* [ACTIVITY] Transcribe exactly the lines below that begin at the line with "Load image into" and stop after the line with "Cosy Lined Puffer", leaving out every picture.

* [SUPPLIED ENTRIES]

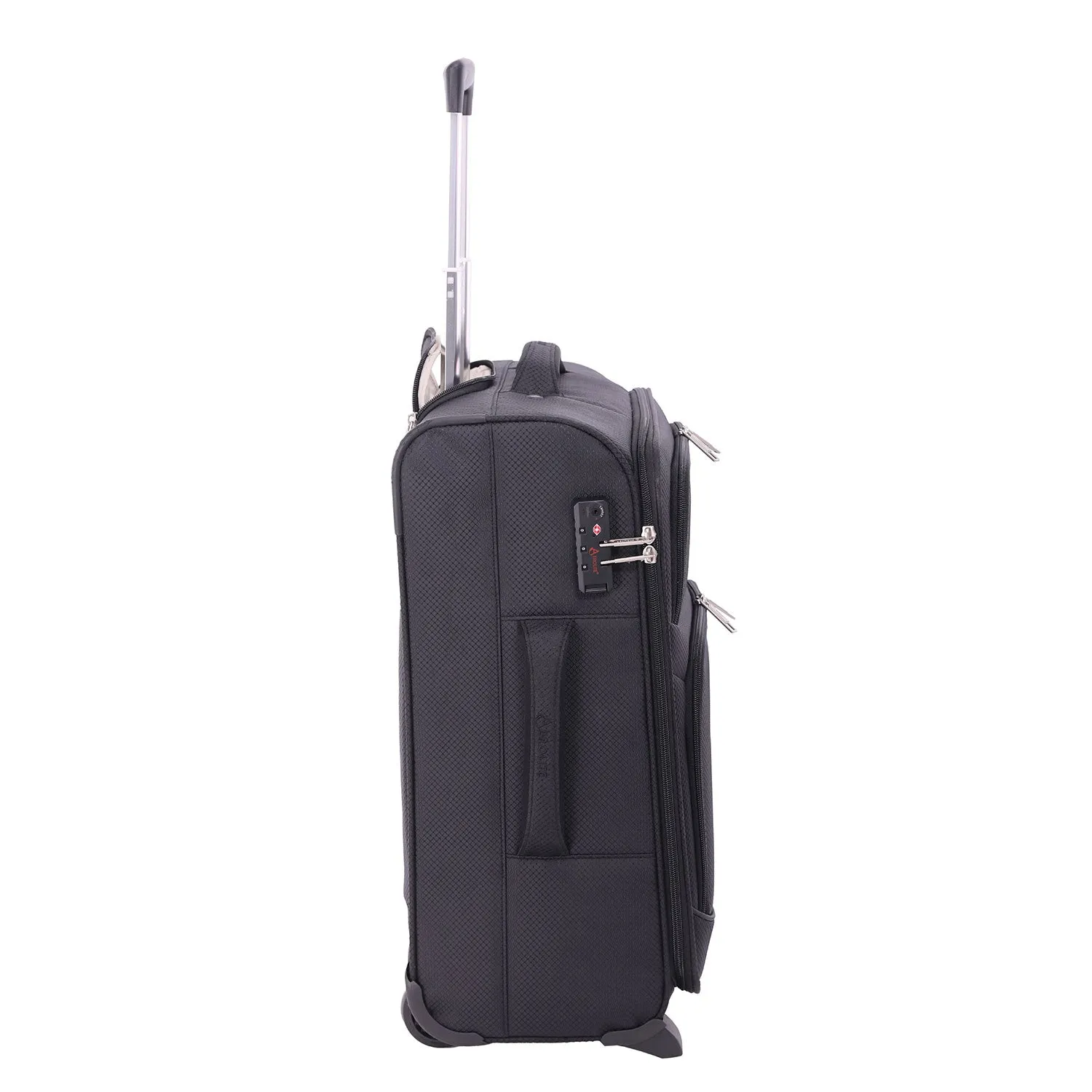 Aerolite British Airways Maximum Size Bundle, 56x45x25cm Large Cabin Softshell Suitcase & 40x30x15cm Under Seat Holdall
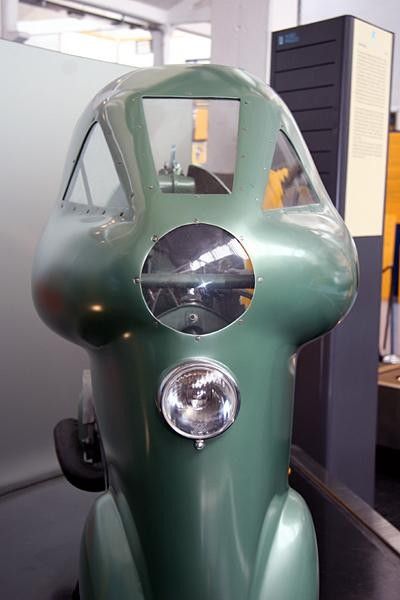 On a streamlined vehicle very similar to this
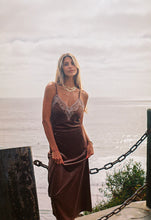 Load image into Gallery viewer, Chocolate Velvet Maxi Dress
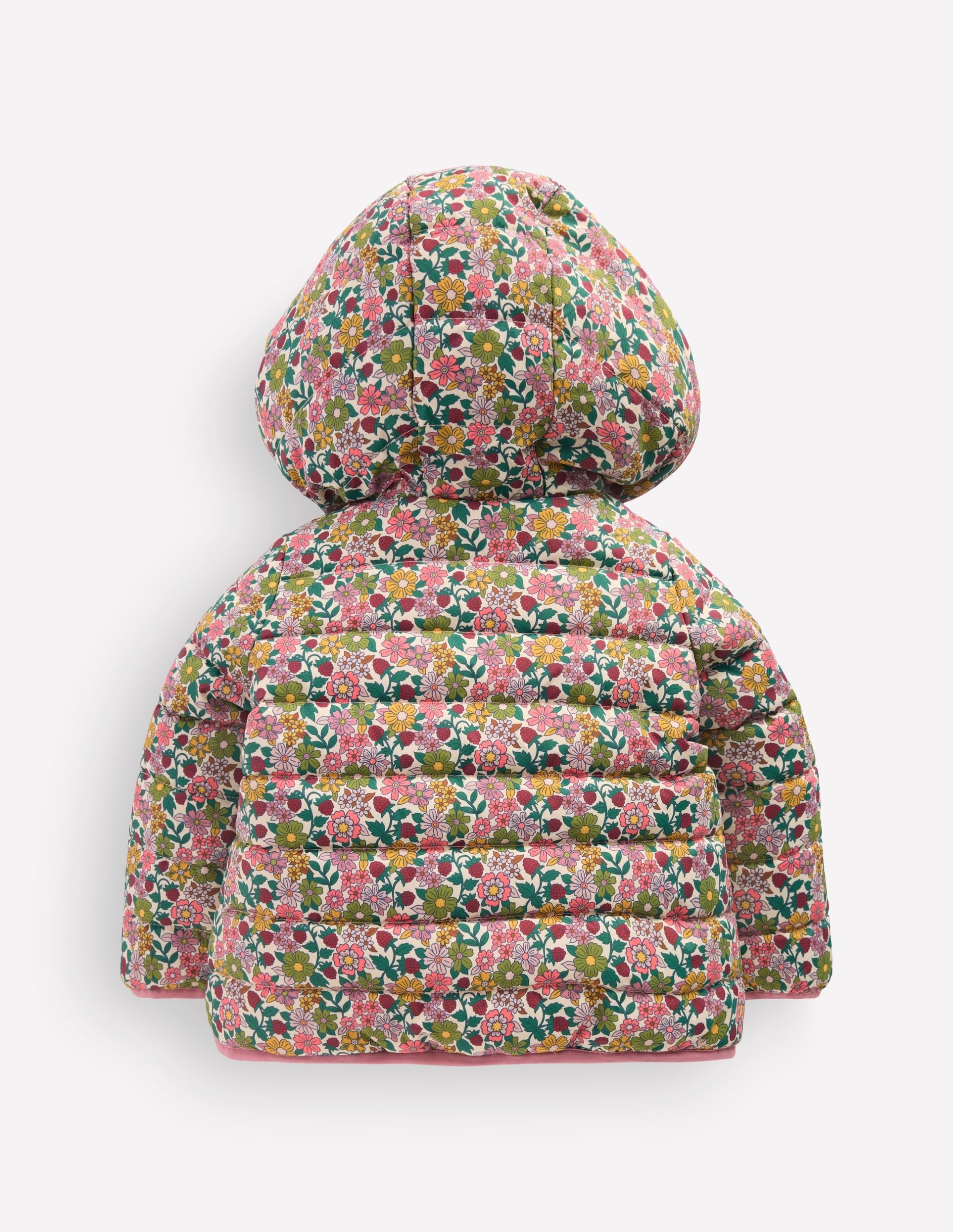 Cosy Lined Puffer Jacket-Papyrus Raspberry Floral - Image 2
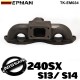 EPMAN Cast Iron Turbocharger Manifold T3 Turbo Flange For Nissan Silvia S13/S14 SR20 TK-EM034 EPMAN Cast Iron Turbocharger Manifold T3 Turbo Flange For Nissan Silvia S13/S14 SR20 TK-EM034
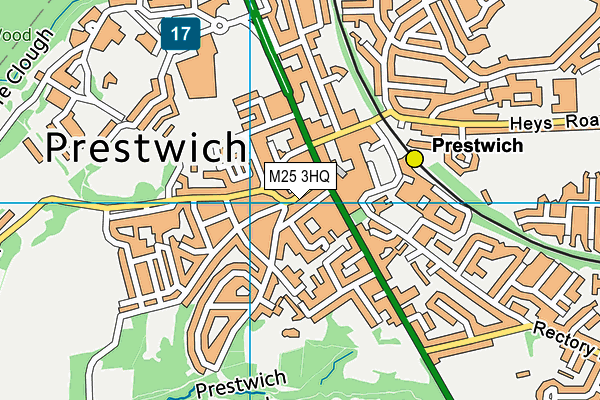 M25 3HQ map - OS VectorMap District (Ordnance Survey)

* [FINISHED TASK]
 Load image into Gallery viewer, Chocolate Velvet Maxi Dress
 Cosy Lined Puffer Jacket-Papyrus Raspberry Floral - Image 2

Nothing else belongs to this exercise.